Caption-style text data:
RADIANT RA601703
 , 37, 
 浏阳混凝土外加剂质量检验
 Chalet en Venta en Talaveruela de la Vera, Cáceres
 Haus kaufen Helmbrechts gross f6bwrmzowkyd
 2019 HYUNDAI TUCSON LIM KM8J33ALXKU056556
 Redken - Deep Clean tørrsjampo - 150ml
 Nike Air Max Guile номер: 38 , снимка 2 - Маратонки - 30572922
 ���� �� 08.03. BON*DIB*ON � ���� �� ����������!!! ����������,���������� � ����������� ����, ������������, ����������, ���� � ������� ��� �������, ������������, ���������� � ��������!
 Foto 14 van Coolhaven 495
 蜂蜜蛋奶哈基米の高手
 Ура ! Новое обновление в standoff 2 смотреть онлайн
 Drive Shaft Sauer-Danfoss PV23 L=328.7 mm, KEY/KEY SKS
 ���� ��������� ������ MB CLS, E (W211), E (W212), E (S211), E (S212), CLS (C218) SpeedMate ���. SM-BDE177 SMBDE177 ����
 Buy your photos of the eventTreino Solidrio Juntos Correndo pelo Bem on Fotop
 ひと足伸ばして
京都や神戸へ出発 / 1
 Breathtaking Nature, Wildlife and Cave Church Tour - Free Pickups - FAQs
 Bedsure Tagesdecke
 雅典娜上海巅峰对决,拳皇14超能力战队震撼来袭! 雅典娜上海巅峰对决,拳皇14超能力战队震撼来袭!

Your instructions: Look back at the data above. Transcribe exactly the lines starting at the line that contains "08.03. BON*DIB*ON �" and ending at the line that contains "Drive Shaft Sauer-Danfoss".

Task result:
 ���� �� 08.03. BON*DIB*ON � ���� �� ����������!!! ����������,���������� � ����������� ����, ������������, ����������, ���� � ������� ��� �������, ������������, ���������� � ��������!
 Foto 14 van Coolhaven 495
 蜂蜜蛋奶哈基米の高手
 Ура ! Новое обновление в standoff 2 смотреть онлайн
 Drive Shaft Sauer-Danfoss PV23 L=328.7 mm, KEY/KEY SKS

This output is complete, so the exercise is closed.